SUPPLIED DATA =

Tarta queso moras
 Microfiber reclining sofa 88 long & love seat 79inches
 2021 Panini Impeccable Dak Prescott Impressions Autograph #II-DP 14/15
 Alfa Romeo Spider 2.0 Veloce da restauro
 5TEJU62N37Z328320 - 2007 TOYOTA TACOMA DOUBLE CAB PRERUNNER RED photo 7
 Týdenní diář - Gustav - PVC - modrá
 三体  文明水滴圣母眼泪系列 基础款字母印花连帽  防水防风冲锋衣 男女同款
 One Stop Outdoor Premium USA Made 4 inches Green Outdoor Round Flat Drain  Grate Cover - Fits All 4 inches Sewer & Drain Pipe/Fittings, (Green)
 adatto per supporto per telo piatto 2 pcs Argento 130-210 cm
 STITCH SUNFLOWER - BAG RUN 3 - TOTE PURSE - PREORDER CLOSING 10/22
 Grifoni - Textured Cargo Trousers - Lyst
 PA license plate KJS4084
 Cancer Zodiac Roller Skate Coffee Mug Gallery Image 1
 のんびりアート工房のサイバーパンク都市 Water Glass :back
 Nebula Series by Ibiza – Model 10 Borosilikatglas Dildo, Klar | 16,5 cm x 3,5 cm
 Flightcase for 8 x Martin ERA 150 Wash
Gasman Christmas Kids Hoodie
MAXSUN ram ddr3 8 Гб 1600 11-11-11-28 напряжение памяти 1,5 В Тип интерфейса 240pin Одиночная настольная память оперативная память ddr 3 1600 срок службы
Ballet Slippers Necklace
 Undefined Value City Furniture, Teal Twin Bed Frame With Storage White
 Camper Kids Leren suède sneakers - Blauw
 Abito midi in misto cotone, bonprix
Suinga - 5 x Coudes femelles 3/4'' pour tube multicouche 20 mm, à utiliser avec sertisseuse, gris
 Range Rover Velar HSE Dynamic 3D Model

WORK TASK =
Search the data above for the word "Model" and show every line that has it.

EXERCISE OUTPUT =
 Nebula Series by Ibiza – Model 10 Borosilikatglas Dildo, Klar | 16,5 cm x 3,5 cm
 Range Rover Velar HSE Dynamic 3D Model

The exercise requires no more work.